The clock on the dresser reads 2:00 am. Its blue glow reminds me that morning is getting closer, and I have still not slept. My mind will not stop turning over the parent phone call I had yesterday at work and the follow-up meeting that will happen in the morning. Did I say the right things? What will they do tomorrow?
Worst case scenario. I go there too frequently. I imagine an outcome that is far worse than anything I’ve experienced. I can’t explain it, but I know it is not healthy.
Last week I saw the new Tom Hanks/Steven Spielberg movie Bridge of Spies. A Russian spy is arrested, and the intrigue commences. Several times in the movie the man is in dire straits. Tom Hanks, as his lawyer, observes each time that he doesn’t look worried. He responds, “Would it help?”
Would it help? A powerful question. Life is short. It is a waste of time to spend any of it on things that will not help…help us, help our family and friends, help the world. Worry is one of those things that does not ever help. It is always a waste of precious time.
Leaders are confronted with difficult situations on a daily basis. It is tempting to rehash each phone call, each meeting, each decision. Rarely will those moments go exactly the way you hoped. There is almost always something you could have said or done differently.

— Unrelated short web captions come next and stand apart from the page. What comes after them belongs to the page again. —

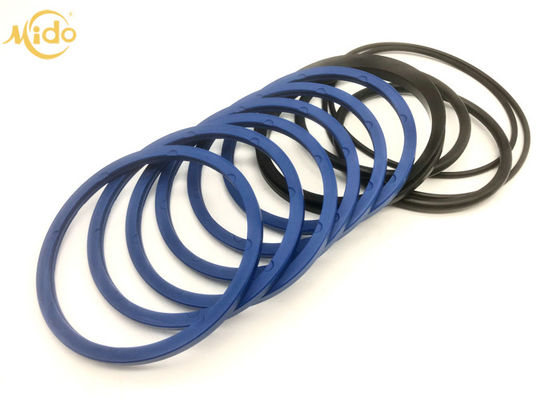 Yüksek basınçlı kazıcı PC200 PC220 için Döner Ortak Dükkan Dükkanı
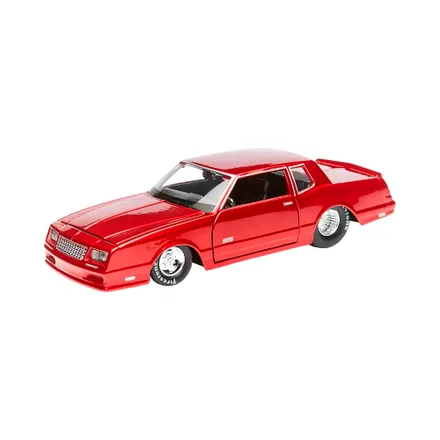 Auto Coleccion Maisto 1986 Chevrolet Monte Carlo Ss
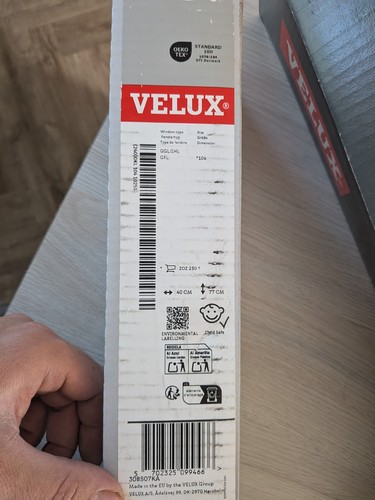 Velux blackout blinds dkl - blinds,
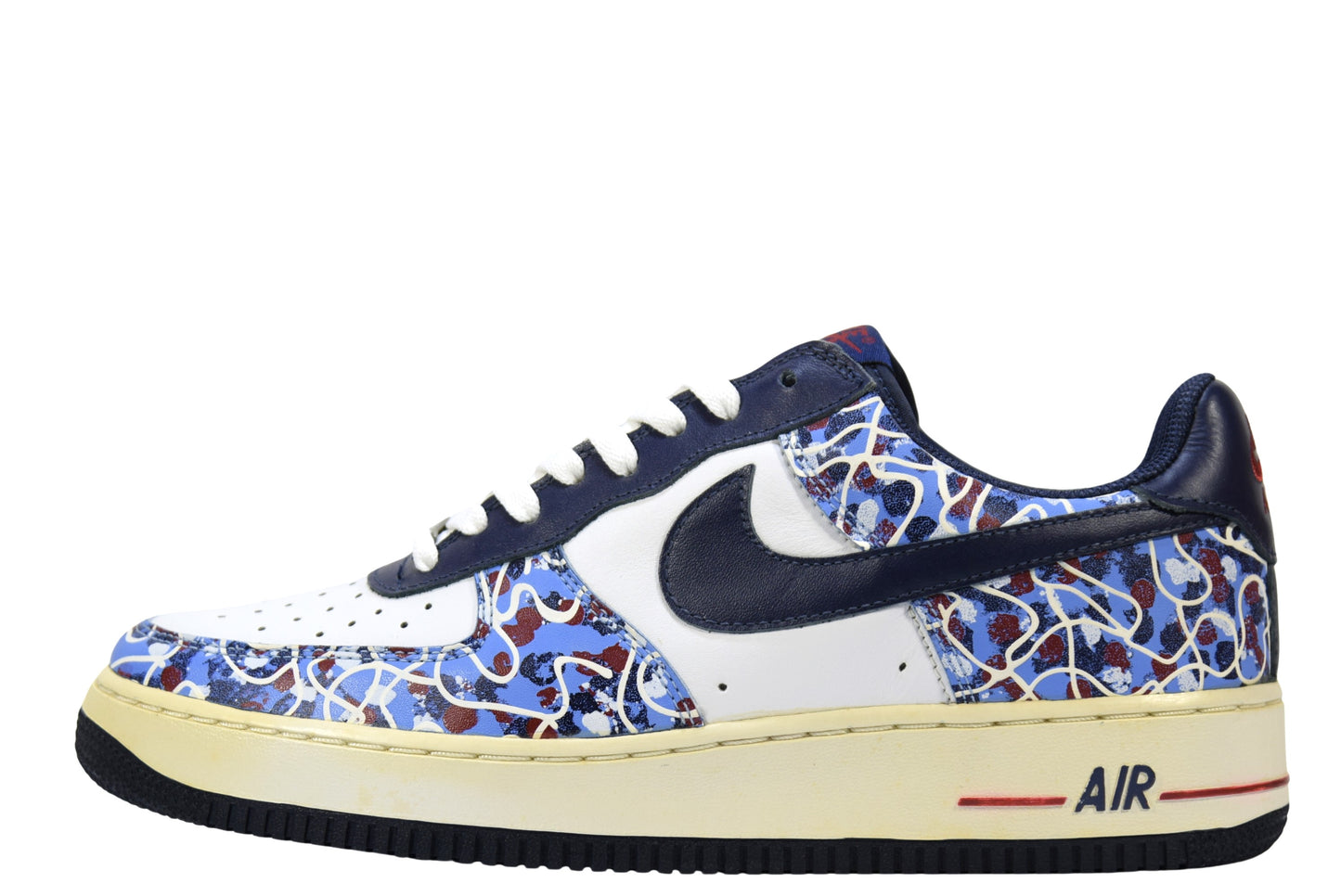 "MISKEEN"AIR FORCE 1 LOW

Reflection is critical for growth. It is important to think through how those moments were handled and the eventual results. There will be new challenges tomorrow, and effective leaders learn and grow.
But worrying about what has passed does not help you grow, In fact, it stifles growth. If I am frozen by regret or constantly questioning decisions I have made, I cannot be effective in the new moment. No one can change the past. Moving forward is one path to serenity.
I love anticipation. The two weeks before a trip are often as much fun as the actual trip. But inevitably I will think about things that could go wrong, and worrying about something in the future is also wasted time. Your flights may be delayed, or your hotel may disappoint. The airline may lose your luggage, or the weather may be horrible. Or…everything may be perfect. You could worry, but would it help? No!
The same can be said of the difficult phone calls, meetings, and events that a leader anticipates at work the next day. Plan well. Consider possible reactions and ramifications. Be strategic. Then let it go.
There have been any number of difficult situations I have navigated as a leader. Some were small. Some were large and quite public. In neither case did the situation get better because I worried about it. Worrying takes my sense of calm and sometimes robs me of rational thought. It keeps me awake at night, and it causes anxiety. And in no case did it help. In fact, it hurts. Now you are going into that situation tired and nervous.
For me, exercise helps. A long walk clears my head. Time with friends, movies, and television help distract me. Reading a good book or writing a blog works too.
The key is to recognize when you are worrying and take steps to stop. There may be times when professional help is needed. Get it. Many times though, self-awareness is the most important step. Recognize it. Address it. And get a better night’s sleep.